The architecture we'll be deploying with CDK is:

In this part we'll focus on the final bit of architecture for subscribing to EventBridge Schema Registry Events and bootstrapping them into the EventCatalog. We'll also talk about strategies for integrating this into CI/CD to make it fully automated.

💻 The code for this series is published here: https://github.com/martzcodes/blog-event-driven-documentation

🤔 If you have any architecture or post questions/feedback... feel free to hit me up on Twitter @martzcodes.

EventBridge Schema Discovery

Amazon EventBridge offers a Schema Registry and Discovery feature. This feature monitors Event traffic and creates JSON Schemas based on the events it sees. The awesome thing about this is every time it creates a new schema or updates a new one... it emits an AWS Event that we can trigger off of! We'll use these events to export the discovered event's schema and bundle them in to EventCatalog, similar to how we did with API Gateways in part 2.

If you have inconsistent Event Schemas (schemas with "optional" fields) a new version will be created every time the optional fields appear/disappear. A best practice for Event Schemas would be to make sure the event interfaces stay consistent (no optional fields and try not to use objects with changing keys).

Enabling Schema Discovery

First, we'll create a new construct for our Account Stack:

export interface EventsConstructProps {
  bus: IEventBus;
  specBucket: Bucket;
}

export class EventsConstruct extends Construct {
  constructor(scope: Construct, id: string, props: EventsConstructProps) {
    super(scope, id);
    const { bus, specBucket } = props;

    new CfnDiscoverer(this, `Discoverer`, {
      sourceArn: bus.eventBusArn,
      description: "Schema Discoverer",
      crossAccount: false,
    });
  }
}

This construct uses CDK's level 1 construct called CfnDiscoverer. We provide it with our default bus and tell it not to track events that came from outside of the account we're currently in (that could get noisy).

🌈 Level 1 Constructs are 1:1 mappings with the equivalent CloudFormation(e.g. CloudFormation vs CDK L1)

Exporting Event Schemas

Creating the Infrastructure

With Schema Discovery enabled, we can create our lambda and invoke that lambda based on the AWS Service Events.
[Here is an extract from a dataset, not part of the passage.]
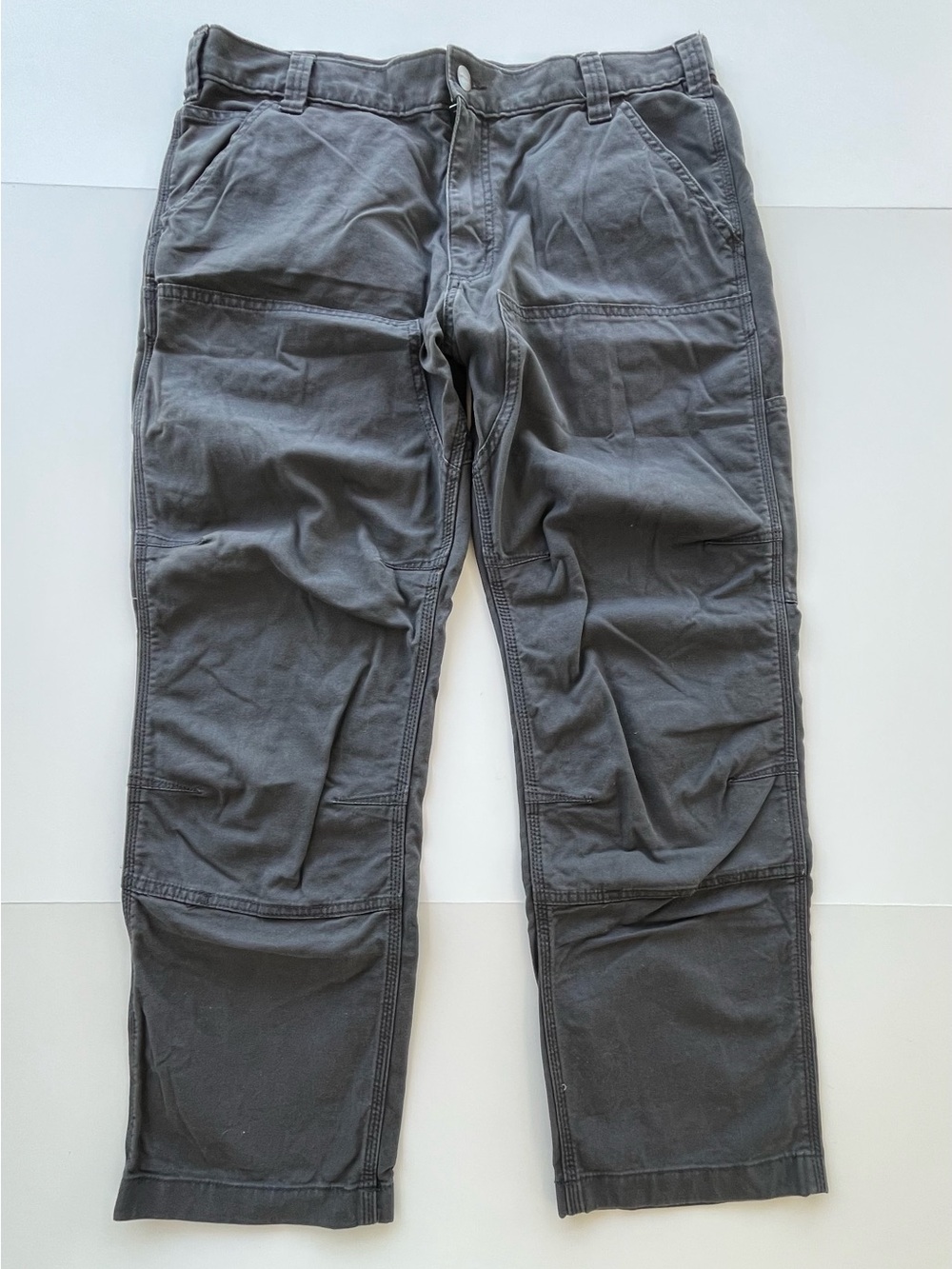 CARHARTT RUGGED FLEX RELAXED FIT
CANVAS DOUBLE-FRONT UTILITY
WORK PANT 36x30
const eventsFn = new NodejsFunction(this, `eventsFn`, {
  runtime: Runtime.NODEJS_16_X,
  entry: join(__dirname, `./events-lambda.ts`),
  logRetention: RetentionDays.ONE_DAY,
  initialPolicy: [
    new PolicyStatement({
      effect: Effect.ALLOW,
      actions: ["schemas:*"],
      resources: ["*"],
    }),
  ],
});
specBucket.grantReadWrite(eventsFn);
eventsFn.addEnvironment("SPEC_BUCKET", specBucket.bucketName);
bus.grantPutEventsTo(eventsFn);

We make sure to grant the lambda the right permissions (read/write to the bucket, the bucket name as an environment variable and putEvents to the default bus).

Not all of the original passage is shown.